16.9 Conversational Gestures For The Audio Desktop

By 1996, Emacspeak was the only piece of adaptive technology I used; in fall of 1995, I had moved to Adobe Systems from DEC Research to focus on enhancing the Portable Document Format (PDF) to make PDF content repurposable. Between 1996 and 1998, I was primarily focused on electronic document formats — I took this opportunity to step back and evaluate what I had built as an auditory interface within Emacspeak. This retrospect proved extremely useful in gaining a sense of perspective and led to formalizing the high-level concept of Conversational Gestures and structured browsing/searching as a means of thinking about user interfaces.

By now, Emacspeak was a complete environment — I formalized what it provided under the moniker Complete Audio Desktop.
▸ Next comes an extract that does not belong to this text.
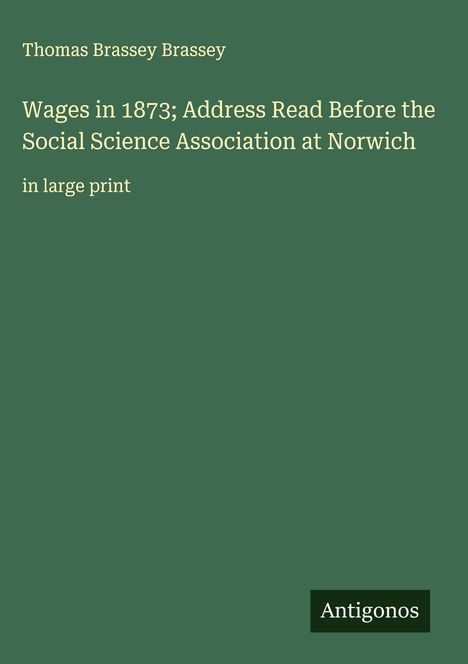 Thomas Brassey Brassey: Wages in 1873; Address Read Before the Social Science Association at Norwich, Buch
The fully integrated user experience allowed me to move forward with respect to defining interaction models that were highly optimized to eyes-free interaction — as an example, see how Emacspeak interfaces with modes like dired (Directory Editor) for browsing and manipulating the filesystem, or proced (Process Editor) for browsing and manipulating running processes. Emacs’ integration with ispell for spell checking, as well as its various completion facilities ranging from minibuffer completion to other forms of dynamic completion while typing text provided more opportunities for creating innovative forms of eyes-free interaction. With respect to what had gone before (and is still par for the course as far as traditional screen-readers are concerned), these types of highly dynamic interfaces present a challenge. For example, consider handling a completion interface using a screen-reader that is speaking the visual display. There is a significant challenge in deciding what to speak e.g., when presented with a list of completions, the currently typed text, and the default completion, which of these should you speak, and in what order? The problem gets harder when you consider that the underlying semantics of these items is generally not available from examining the visual presentation in a consistent manner. By having direct access to the underlying information being presented, Emacspeak had a leg up with respect to addressing the higher-level question — when you do have access to this information, how do you present it effectively in an eyes-free environment? For this and many other cases of dynamic interaction, a combination of audio formatting, auditory icons, and the ability to synthesize succinct messages from a combination of information items — rather than having to forcibly speak each item as it is rendered visually provided for highly efficient eyes-free interaction.

This was also when I stepped back to build out Emacspeak’s table browsing facilities — see the online Emacspeak documentation for details on Emacspeak’s table browsing functionality which continues to remain one of the richest collection of end-user affordances for working with two-dimensional data.